**What the exercise asks:** Your answer must be the full listing below, restated word for word, with no pictures in it.

**Supplied data:**
********
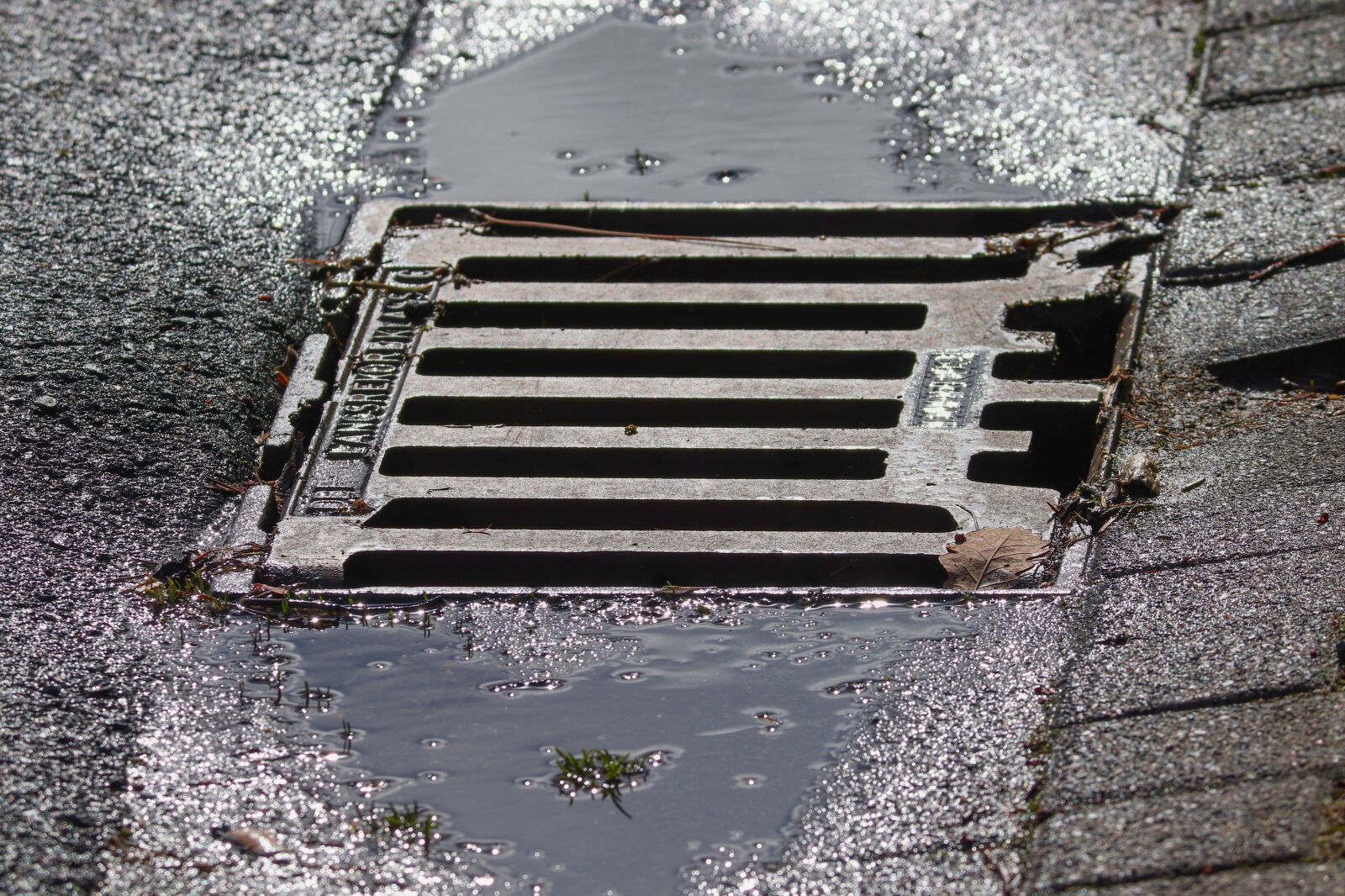 Canon EOS 200D (EOS Rebel SL2 / EOS Kiss X9) sample photo. Drain, gully, metal photography
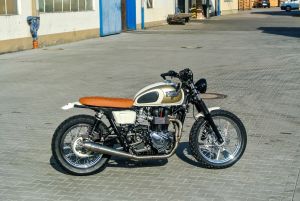 Triumph bonneville umbau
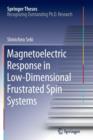 Image for Magnetoelectric Response in Low-Dimensional Frustrated Spin Systems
********
**Result of the task:**
 Canon EOS 200D (EOS Rebel SL2 / EOS Kiss X9) sample photo. Drain, gully, metal photography
 Triumph bonneville umbau
 Image for Magnetoelectric Response in Low-Dimensional Frustrated Spin Systems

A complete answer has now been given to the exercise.